認知言語学を英語で学ぶ

今日は少し自分にねぎらいのことばを。

博士候補になるために、「技法科目」というのがある。専門分野を深める上での必要スキルを習得するという発想なのだが、僕の専門は、ネットワークガバナンスというプログラムなので、専門があってないようなものだ。

簡単に言うと、ネットワーク社会の組織などのガバナンスを考えるということなので、組織論、情報技術、戦略論、ゲーム理論、メディア論、社会学、経営史・・・を広く浅く学ぶ傾向がある。それで、いわば消去法で技法科目として選択されたのが、結局英語(英語で何かを学ぶクラス)だった。

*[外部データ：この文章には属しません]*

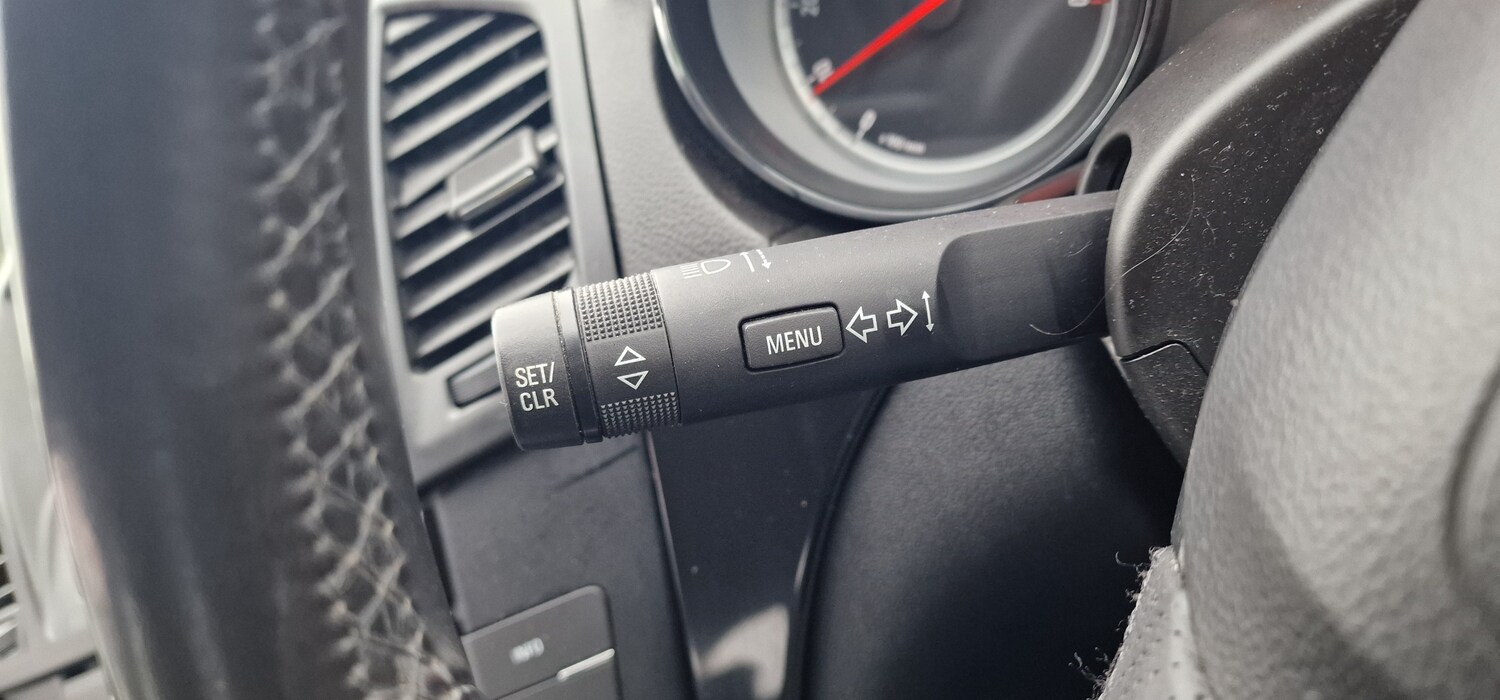 Used Vauxhall Insignia 2011 for sale - 77904288: Photo 17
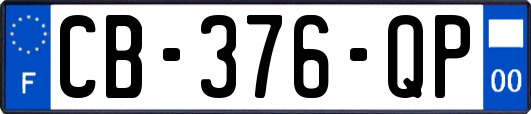 CB-376-QP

で、厄介なのは相対評価でAを取らないといけないということだった。割合としては15〓20%程度で、指定された英語のコースは相当レベルの高い人が少人数(30人弱)で受けるコースなので、上位5〓6人に入らないといけない。しかも問題はこの学校はグループワークが大好きで、5〓6人でプレゼンテーションをさせる。すると上位1グループに入らないといけない。

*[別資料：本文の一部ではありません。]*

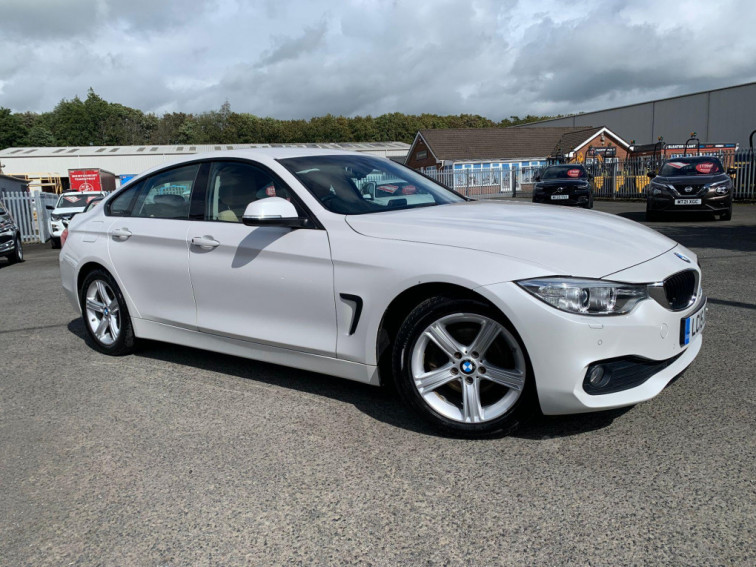 2015 BMW -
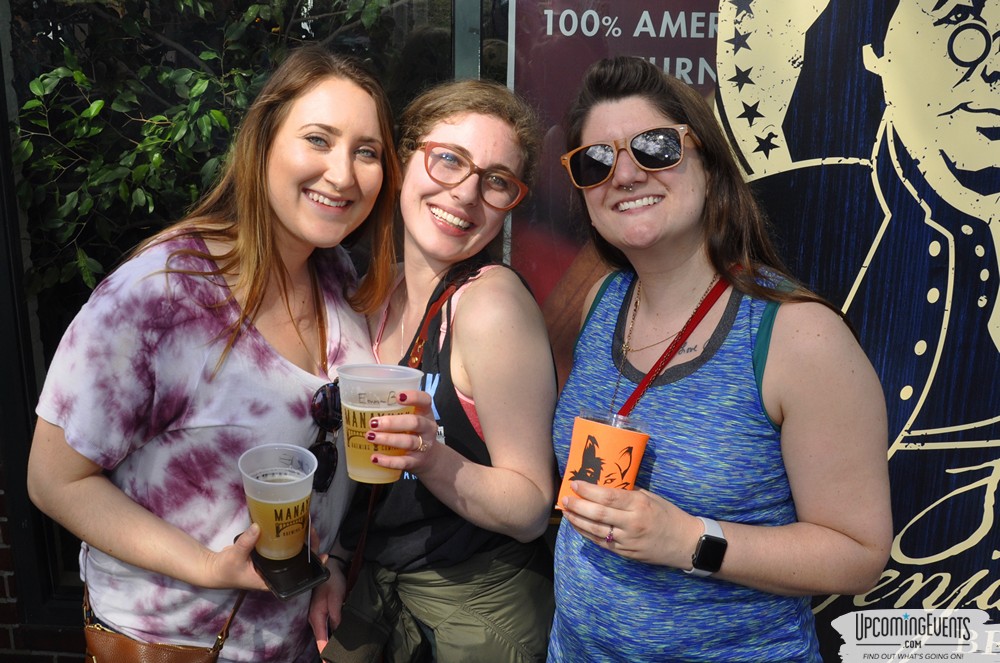 Photo from 20th Annual Manayunk Brew & Rum Fest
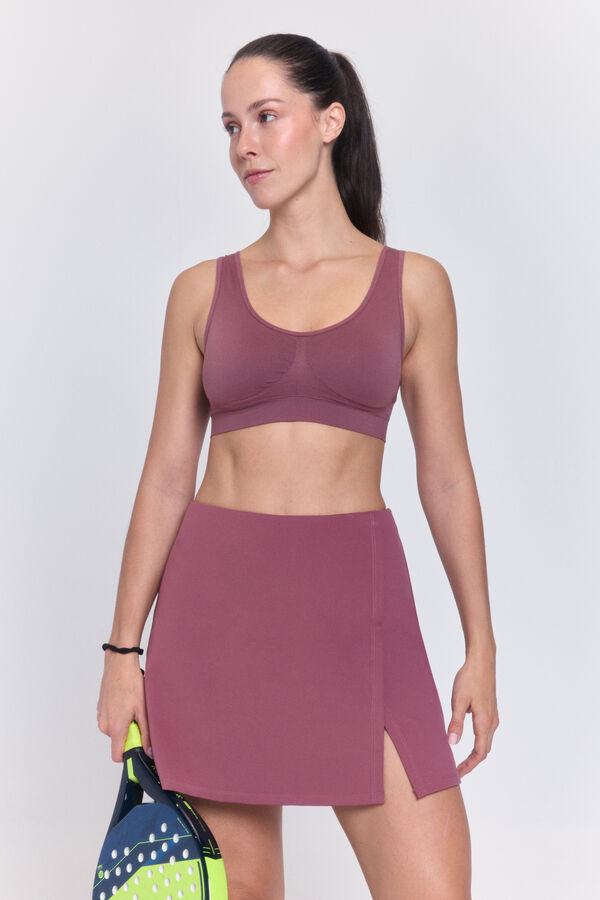 Only Play Skort pink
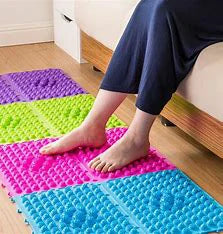 Flat Foot Massage Ball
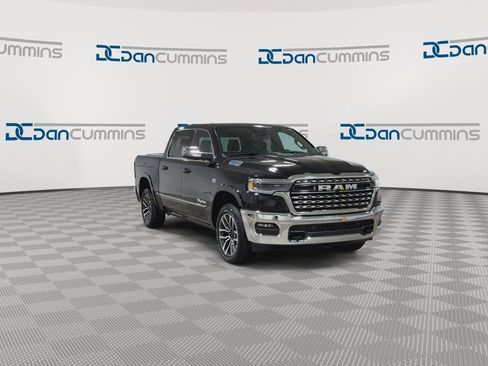 New 2026 RAM 1500 Limited AWD/4WD image 3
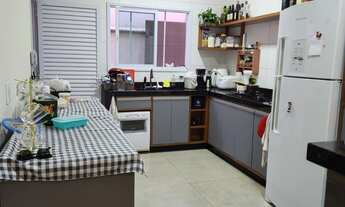 Imagem 5: RR0173D CASA A VENDA 170m² ANALÂNDIA - OPORTUNIDADE - 3 Dorms 4 Vagas - Analândia, SP - Ó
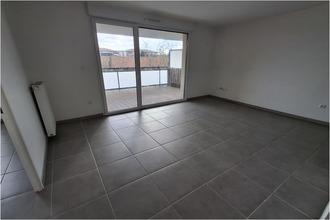 location appartement mondonville 31700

で、昨日は自分たちで企画したリサーチの結果を発表するという2回目のプレゼンテーションで、世界的にも有名な認知言語学のT先生から「もう安心しても良いですよ。このリサーチと結果であれば、学会発表しても良いぐらいだ。専門が言語学とは違う人でグループが構成されているようだから、聴講生のNくんにでもやってもらえばよいかな」という評価を得た。まだ最終のレポート課題があるが、何とかなったのではないだろうか。

幸い、もう一人同じ境遇の博士学生がいたので、タッグを組み、学部生に対する指導とマネジメントが10月から始まった。幸いなことにわれわれのグループはメンバーのバランスが取れていた。企業で約款改定の仕事をしていたものすごい几帳面な博士学生、一般言語学を専攻する修士学生、英語が好きで従順な女子学生(複数)、他大学から聴講に来ている英文学専攻の学生、そして計量的分析とプレゼンテーションツール作成とプロジェクトマネジメントとプレゼンテーションのプロである私だ。

初回のプレゼンテーションでは「この論文は最高の論文だが、わかりにくすぎて絶対教材には使わない」とアメリカの某言語学者も言う、T先生の「2重目的語をとるGIVEの与格交換」についての論文に対して、わかりやすいスライドを80枚作り、70分でプレゼンした。T先生も「なるほど、こういう風に表現すれば、わかりやすくなるね。すばらしい」と言ってくれた力作だった。もちろん論旨の把握についてはみんなで議論して、私はそれをわかりやすく表現しただけだったが。

道中、思い出はいろいろあるが、突っ走りがちな博士2人に対して学部生が抱きがちな「ついていけない」という気持ちを生まないようにという点に一番気を配った。こんなことは入社1年目の仕事で、ある商品の広告企画を立てるときに、私のいた会社が持つ巨大な消費者調査のデータを使っていちから積み上げ式で作業をして、部長に「そんなことやっても無駄というか、そこまでやる必要ない」と言われて以来の経験である。最近はひたすら、大枠を作ったらあとは部下任せだったからなぁ。

で、内容的にも認知科学とつながる認知言語学の基礎がわかったことは収穫があった。しかし、こういう分析をアルゴリズムに落とすってのは本当に大変だな。